Alih-alih memperluas usaha atau meningkatkan penyerapan kredit investasi, mereka memilih untuk menahan dana di bank—memberikan ruang bagi perbankan untuk menjaga likuiditas, meski dengan risiko stagnasi dalam penyaluran kredit produktif.
Stabilnya inflasi juga menjadi salah satu pendorong pertumbuhan simpanan kalangan atas. Dengan inflasi April 2025 tercatat hanya 1,95% YoY, daya beli riil terhadap nilai simpanan tetap terjaga.
“Tren ini diperkuat oleh inflasi di level 1,95 persen YoY pada April 2025 sehingga daya beli nilai simpanan riil bisa terjaga,” kata pengamat ekonomi.
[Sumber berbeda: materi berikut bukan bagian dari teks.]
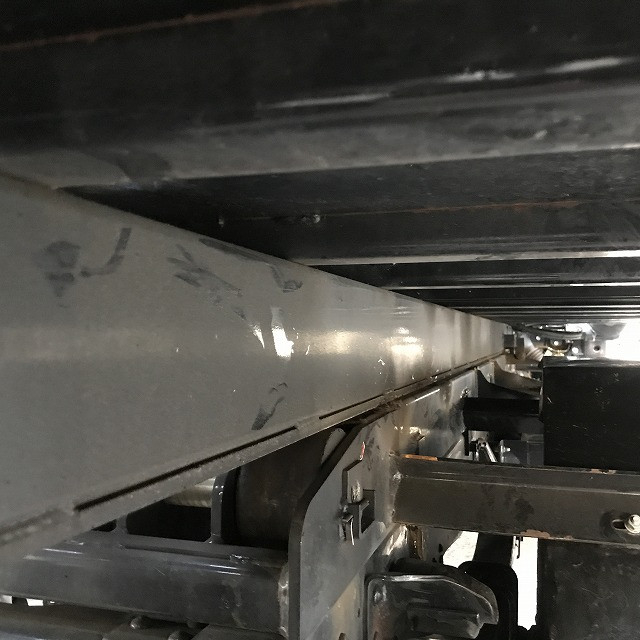 いすゞ エルフ 小型 車載専用車 2RG-NPR88AN(95467) 33枚目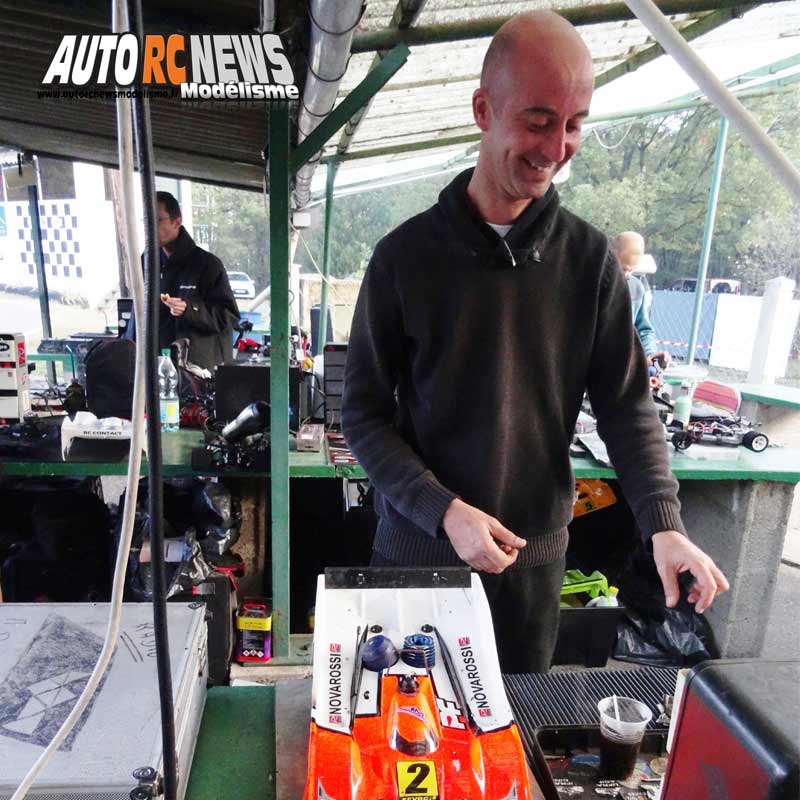 coupe de france piste 1/8 classique et brushless à lentilly club rccl les 13 et 14 octobre 2018.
Lingkungan makroekonomi yang relatif stabil mendorong keputusan menahan uang tunai di bank sebagai strategi mitigasi risiko, bukan karena kebutuhan konsumsi atau likuiditas jangka pendek.
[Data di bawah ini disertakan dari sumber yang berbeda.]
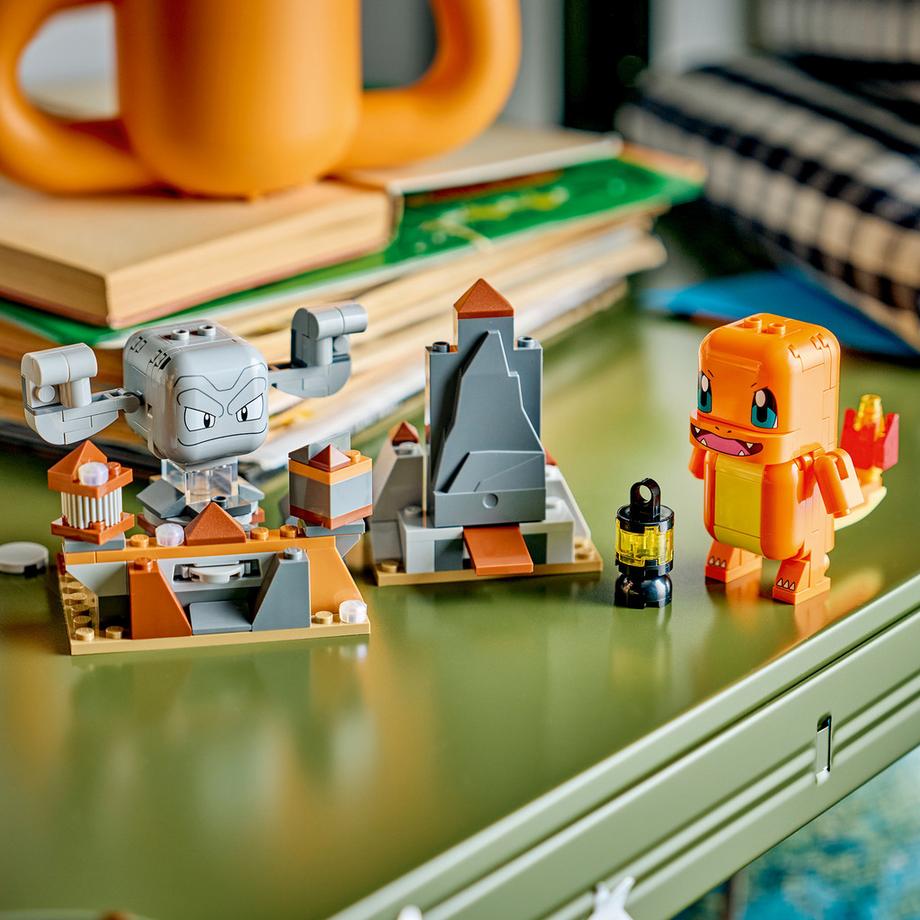 LEGO®  72157 SMART Play™: Scontro nella caverna tra Charmander e Geodude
Tren dominasi simpanan jumbo bukanlah hal baru. Dua tahun sebelumnya, tepatnya April 2022, simpanan >Rp 5 miliar bahkan sempat turun 7% secara bulanan (month-on-month/mom), namun secara tahunan tetap tumbuh 13,5% dan sudah mencakup lebih dari 50% total simpanan.
Ini menunjukkan bahwa meskipun ada fluktuasi jangka pendek, kecenderungan konsentrasi dana pada kelompok atas tetap bertahan.
Di sisi lain, kelompok rekening kecil, terutama dengan saldo <Rp 100 juta, juga menunjukkan tren pertumbuhan yang stabil. Pada April 2022, kelompok ini tumbuh 7% mom dan menyumbang 13,5% dari total simpanan.
Bahkan hingga Maret 2025, pertumbuhannya masih tercatat 5% mom, mencerminkan partisipasi aktif masyarakat umum dalam sistem perbankan. Namun secara nilai, kontribusinya tetap jauh tertinggal.
Kondisi ini menimbulkan sejumlah implikasi strategis. Dari sisi industri perbankan, likuiditas yang melimpah dari kelompok tajir memungkinkan fleksibilitas dalam menjaga struktur pendanaan.
Namun dari sudut pandang makroekonomi, ketimpangan ini dapat menjadi penghambat sirkulasi dana ke sektor riil, terutama jika tidak diimbangi dengan dorongan ekspansi kredit yang sehat.
Di tengah ketidakpastian global dan dinamika kebijakan domestik, ada pula pertimbangan psikologis di balik tren akumulasi simpanan. Beberapa analis menyoroti ketidakpercayaan nasabah kaya terhadap arah kebijakan pemerintah sebagai salah satu faktor yang mendorong perilaku menahan dana.
Laporan dari lembaga kajian ekonomi Celios menyebutkan bahwa persepsi akan stabilitas fiskal dan politik turut memengaruhi keputusan simpanan, terutama bagi kelompok korporasi dan investor besar.
Kombinasi antara kehati-hatian korporasi, inflasi yang terjaga, serta belum pulihnya optimisme bisnis telah menciptakan struktur simpanan yang terpusat di tangan sedikit pemilik rekening.
Jika tren ini terus berlanjut tanpa disertai pergeseran dalam distribusi kredit atau kebijakan fiskal yang progresif, potensi ketimpangan ekonomi dapat makin membesar, dengan segala risiko sosial dan politik yang mengikutinya.